**Data for this exercise**
#####

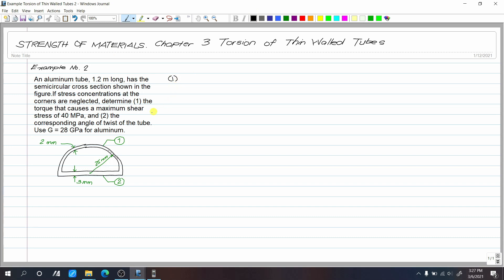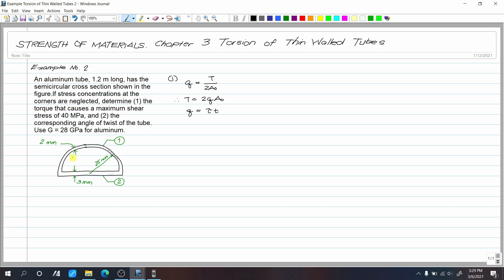Number 1: what we are solving for is torque — the torque that will cause a maximum shear stress. To get our torque, recall the shear flow formula: shear flow q equals T over 2 multiplied by A_sub_o. Therefore, torque equals 2 multiplied by q multiplied by A_sub_o. We need the shear flow. The shear flow equals shear stress multiplied by t. Now, which thickness t do we use — the 2 mm or 3 mm? We will use the 2 mm because that is the critical one — it is the thinner wall.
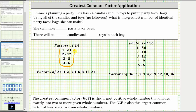The multiplication table for 36 is: one times 36, two times 18, three times 12, four times nine, and six times six. This means the factors of 36 are: 1, 2, 3, 4, 6, 9, 12, 18, and 36.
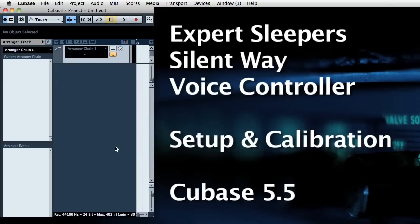This is going to be a demo of setting up the SilentWay voice controller for calibration in Cubase. I'm using Cubase 5.5 here.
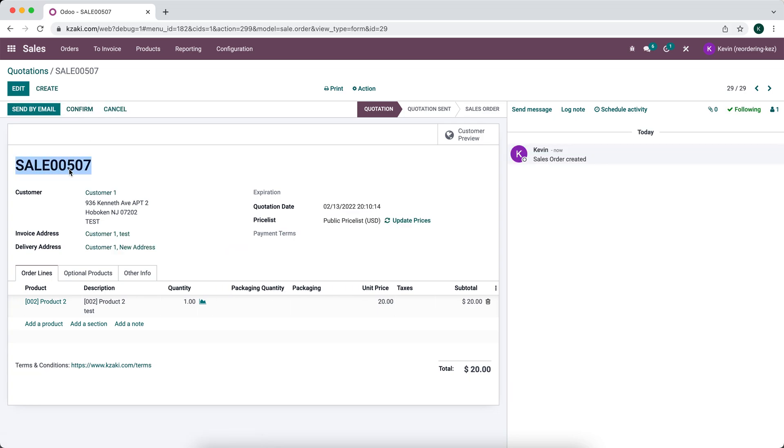And again, you can change those throughout the database depending on what you want to see in your sequences.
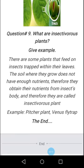Question number 9: What are insectivorous plants? Give an example. There are some plants that trap insects within their leaves. The soil where they grow does not have enough nutrients, therefore they obtain their nutrients from the insect's body, and are called insectivorous plants. Examples include the pitcher plant and Venus flytrap.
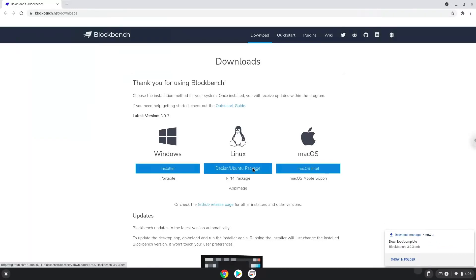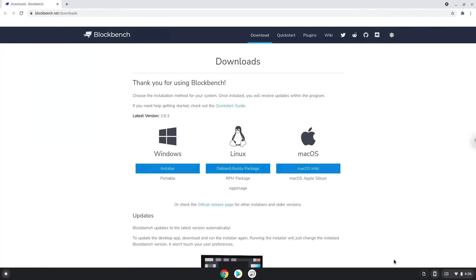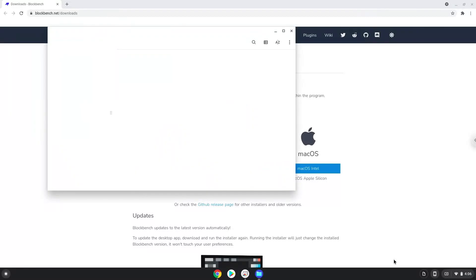Now we will open the installation package in the file manager. Right click on the package and install it with Linux apps.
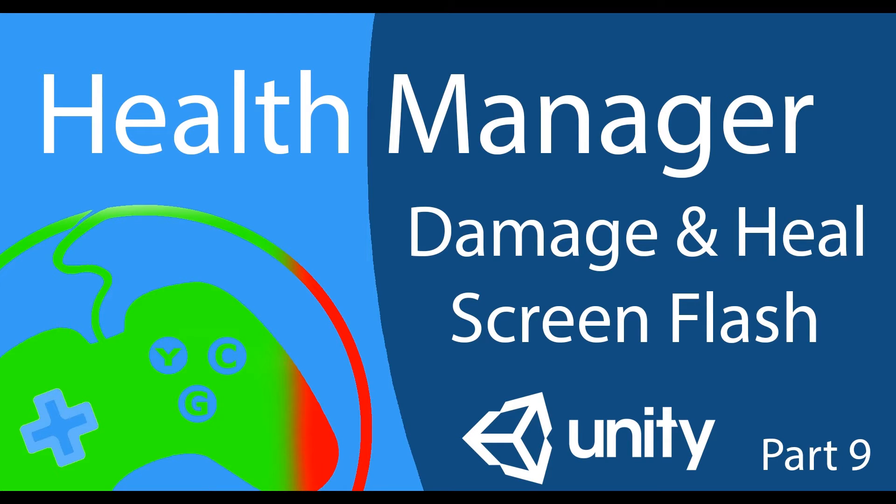Hey game devs, this is Dan with You Contribute Games and in this video we're going to take a look at adding a damage and heal flash overlay to your game.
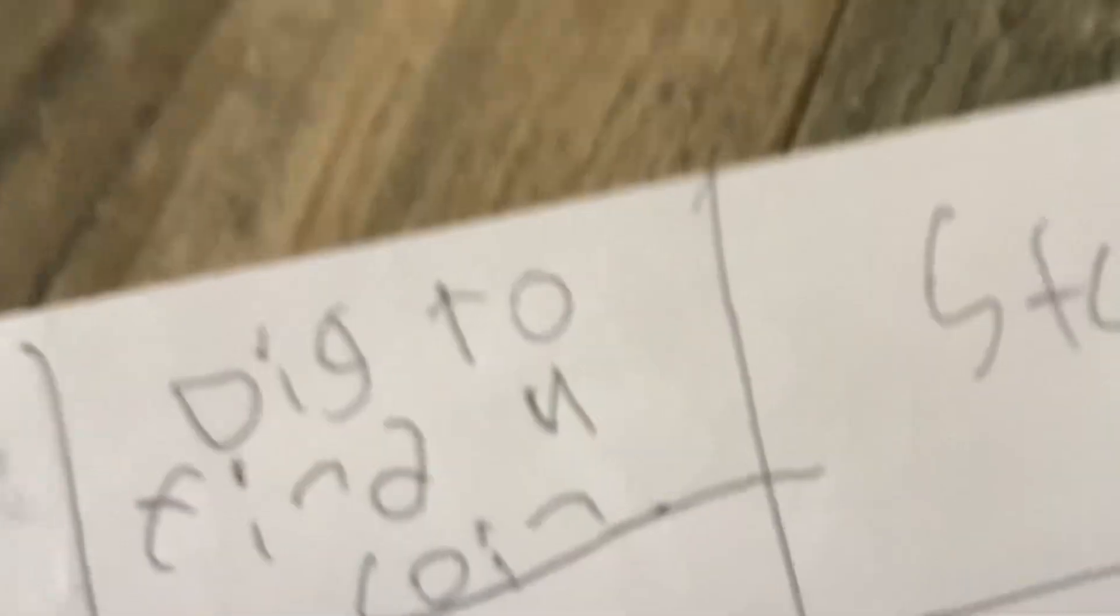Your next challenge is to dig to find a coin. Start now. Alright, I'm just going to dig. It's not going to take a while.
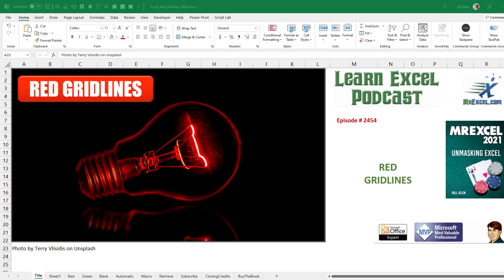Learn Excel from MrExcel podcast episode 2454: Red grid lines in Excel.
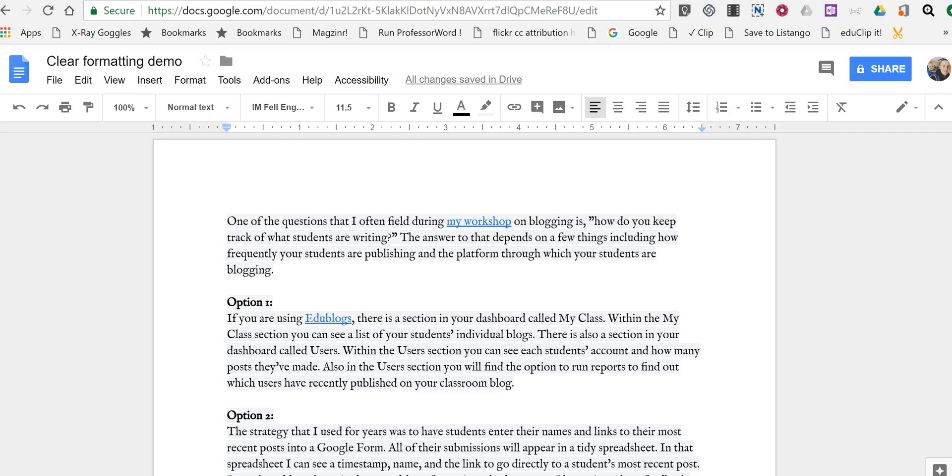Hi, I'm Richard Byrne. In this video, I want to show you a neat little trick in Google Documents for changing the formatting of a document.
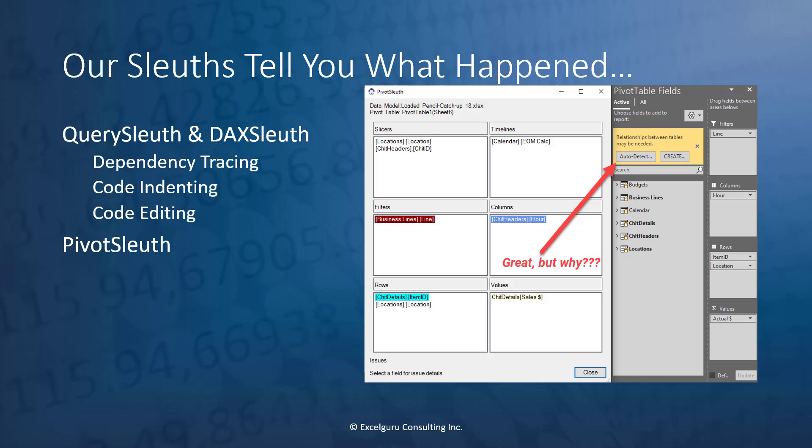Our Pivot sleuth is all about telling you how to solve this irritating relationships between tables maybe needed error message, and in fact, preventing it in future. There is no reason you should ever need to see this on a pivot table. This has context-sensitive tooltip text that will tell you exactly which field is causing the problem and how to make it stop.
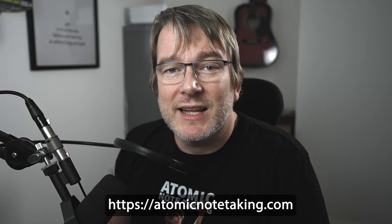Hello, the following video you're about to watch is an extract from my new course and book, Atomic Note-Taking. So enjoy the video, and if you want to check out more about the course, go to AtomicNoteTaking.com.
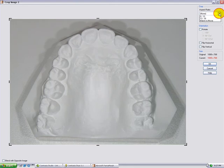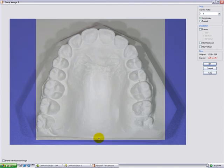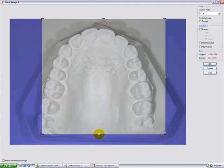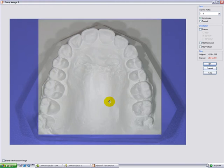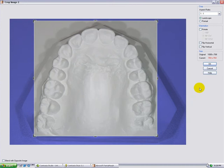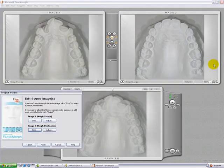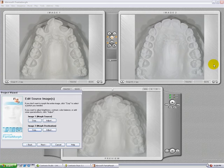Go for a fixed ratio again, 1 to 1 in this case. Crop the image and reposition. Click OK, and verify in the preview window if the position is correct.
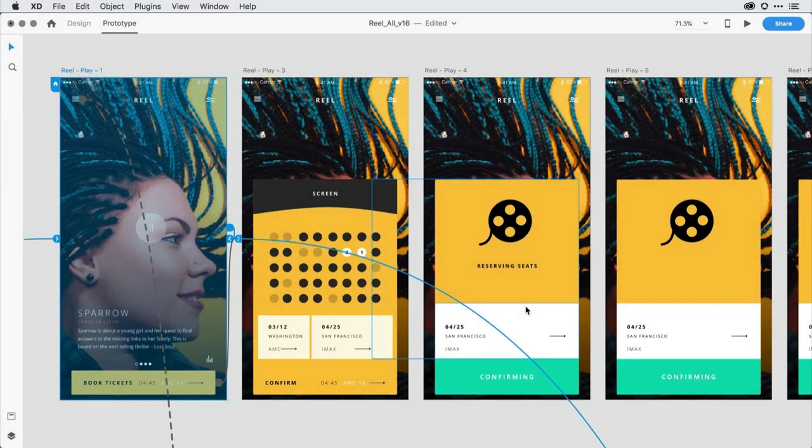It's now possible to enable the microphone when recording a desktop preview interaction in the latest update of Adobe XD. Let me show you what I mean.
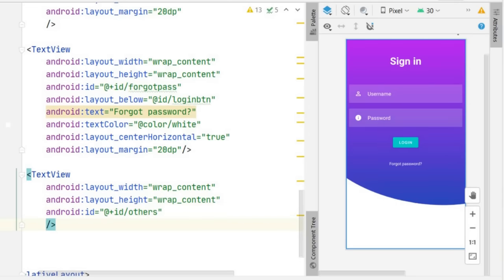The login page design is almost done — we have the large Sign In text, username field with icon, password field, and social icons at the bottom. We also need to set the input type for the password EditText to 'textPassword' so that characters appear as asterisks while typing.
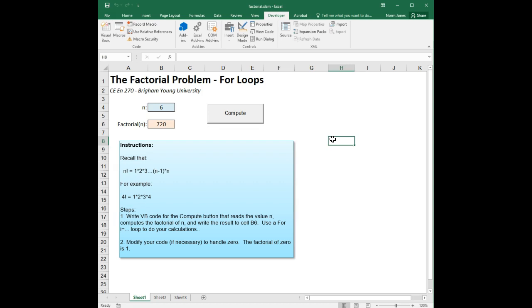So again, for i equals loops can be very handy and very powerful in solving all kinds of simple math problems that require iteration. And that's how it works.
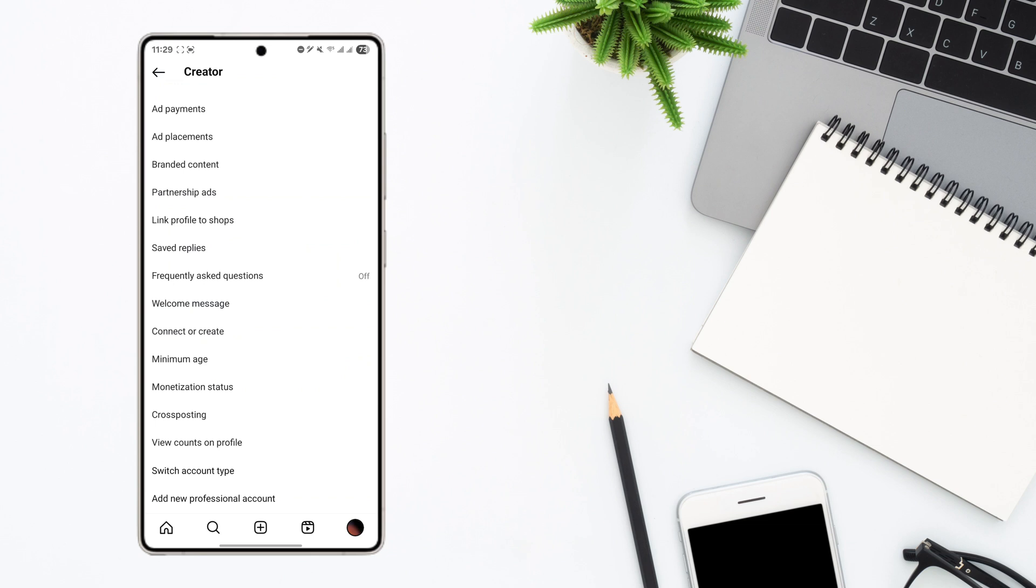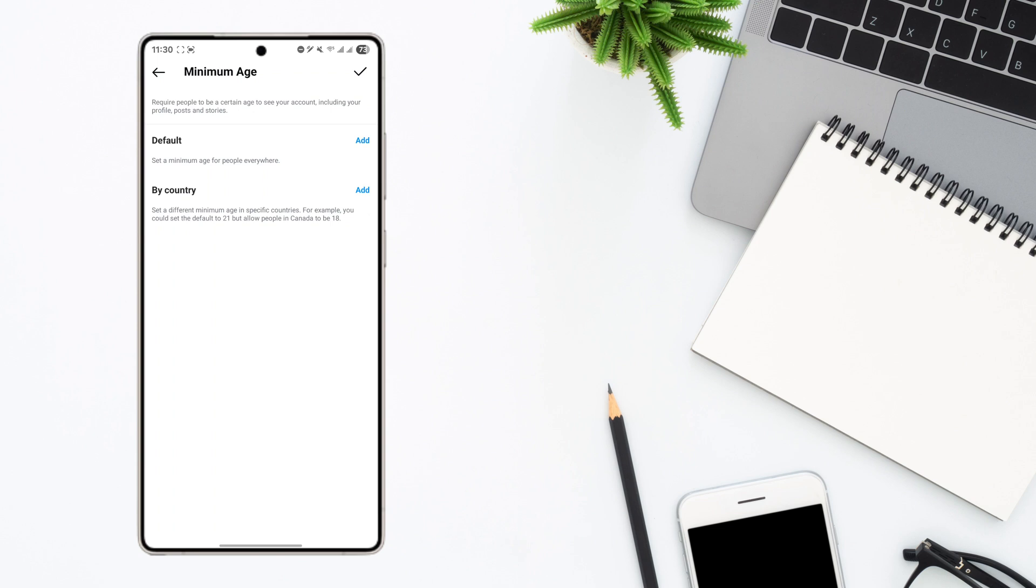Now from here you can see this option called minimum age. Now you cannot block the whole country but what you can do is you can set an age restriction for that country that you want to block. So people above that age will not be able to find your content basically.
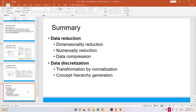You will learn about dimension reduction, more about data compression, and data transformation. We can transform the data by number. These are some methods and the concept hierarchy generation.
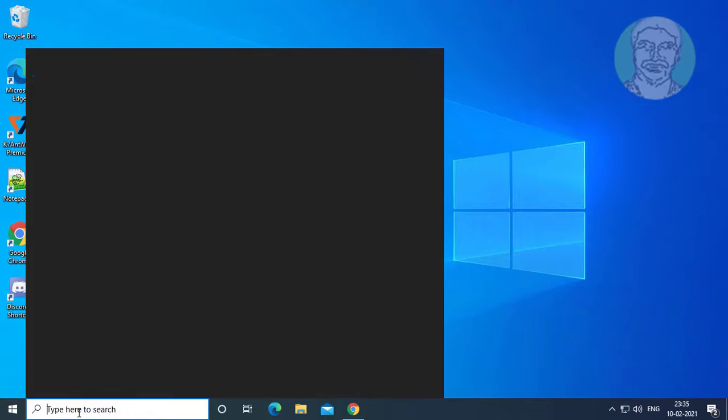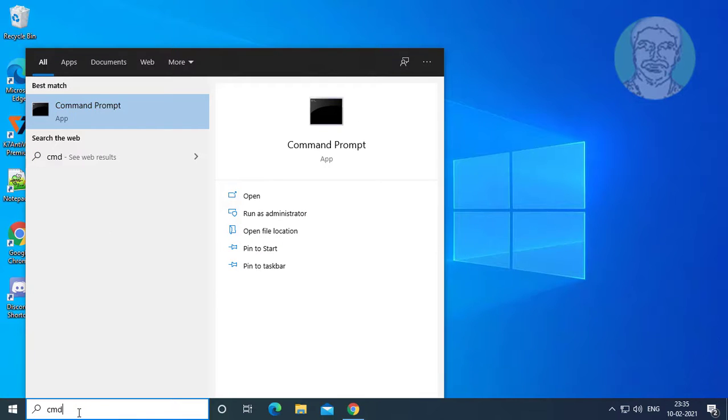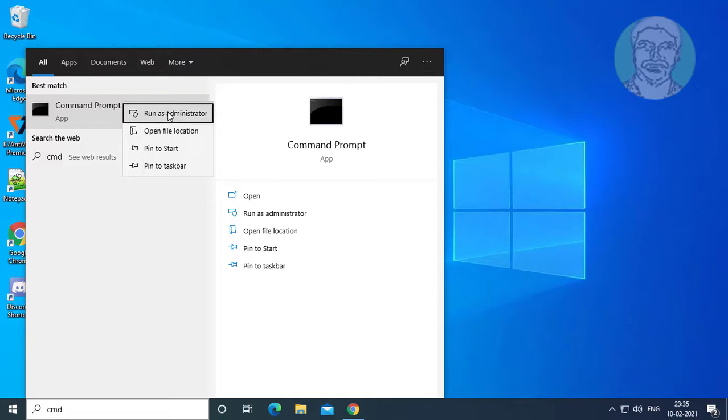Type CMD in the Windows search bar, then right-click and select Run as administrator.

#####

Exclude the pictures and transcribe all of the entries exactly.

Number 1: what we are solving for is torque — the torque that will cause a maximum shear stress. To get our torque, recall the shear flow formula: shear flow q equals T over 2 multiplied by A_sub_o. Therefore, torque equals 2 multiplied by q multiplied by A_sub_o. We need the shear flow. The shear flow equals shear stress multiplied by t. Now, which thickness t do we use — the 2 mm or 3 mm? We will use the 2 mm because that is the critical one — it is the thinner wall.
The multiplication table for 36 is: one times 36, two times 18, three times 12, four times nine, and six times six. This means the factors of 36 are: 1, 2, 3, 4, 6, 9, 12, 18, and 36.
This is going to be a demo of setting up the SilentWay voice controller for calibration in Cubase. I'm using Cubase 5.5 here.
And again, you can change those throughout the database depending on what you want to see in your sequences.
Question number 9: What are insectivorous plants? Give an example. There are some plants that trap insects within their leaves. The soil where they grow does not have enough nutrients, therefore they obtain their nutrients from the insect's body, and are called insectivorous plants. Examples include the pitcher plant and Venus flytrap.
Now we will open the installation package in the file manager. Right click on the package and install it with Linux apps.
Hey game devs, this is Dan with You Contribute Games and in this video we're going to take a look at adding a damage and heal flash overlay to your game.
Your next challenge is to dig to find a coin. Start now. Alright, I'm just going to dig. It's not going to take a while.
Learn Excel from MrExcel podcast episode 2454: Red grid lines in Excel.
Hi, I'm Richard Byrne. In this video, I want to show you a neat little trick in Google Documents for changing the formatting of a document.
Our Pivot sleuth is all about telling you how to solve this irritating relationships between tables maybe needed error message, and in fact, preventing it in future. There is no reason you should ever need to see this on a pivot table. This has context-sensitive tooltip text that will tell you exactly which field is causing the problem and how to make it stop.
Hello, the following video you're about to watch is an extract from my new course and book, Atomic Note-Taking. So enjoy the video, and if you want to check out more about the course, go to AtomicNoteTaking.com.
Go for a fixed ratio again, 1 to 1 in this case. Crop the image and reposition. Click OK, and verify in the preview window if the position is correct.
It's now possible to enable the microphone when recording a desktop preview interaction in the latest update of Adobe XD. Let me show you what I mean.
The login page design is almost done — we have the large Sign In text, username field with icon, password field, and social icons at the bottom. We also need to set the input type for the password EditText to 'textPassword' so that characters appear as asterisks while typing.
So again, for i equals loops can be very handy and very powerful in solving all kinds of simple math problems that require iteration. And that's how it works.
Now from here you can see this option called minimum age. Now you cannot block the whole country but what you can do is you can set an age restriction for that country that you want to block. So people above that age will not be able to find your content basically.
You will learn about dimension reduction, more about data compression, and data transformation. We can transform the data by number. These are some methods and the concept hierarchy generation.
Type CMD in the Windows search bar, then right-click and select Run as administrator.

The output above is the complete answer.